Everything in the records below should be set down again, word for word.

-- Data for the task --
[Start of Attachment]

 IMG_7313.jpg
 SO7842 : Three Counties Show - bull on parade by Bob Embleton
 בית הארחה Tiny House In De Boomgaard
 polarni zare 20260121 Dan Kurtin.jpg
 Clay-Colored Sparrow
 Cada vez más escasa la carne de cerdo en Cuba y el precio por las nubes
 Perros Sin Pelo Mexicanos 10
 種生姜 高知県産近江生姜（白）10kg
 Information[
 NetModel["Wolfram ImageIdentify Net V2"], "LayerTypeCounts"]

[End of Attachment]

-- Result of this exercise --
 IMG_7313.jpg
 SO7842 : Three Counties Show - bull on parade by Bob Embleton
 בית הארחה Tiny House In De Boomgaard
 polarni zare 20260121 Dan Kurtin.jpg
 Clay-Colored Sparrow
 Cada vez más escasa la carne de cerdo en Cuba y el precio por las nubes
 Perros Sin Pelo Mexicanos 10
 種生姜 高知県産近江生姜（白）10kg
 Information[
 NetModel["Wolfram ImageIdentify Net V2"], "LayerTypeCounts"]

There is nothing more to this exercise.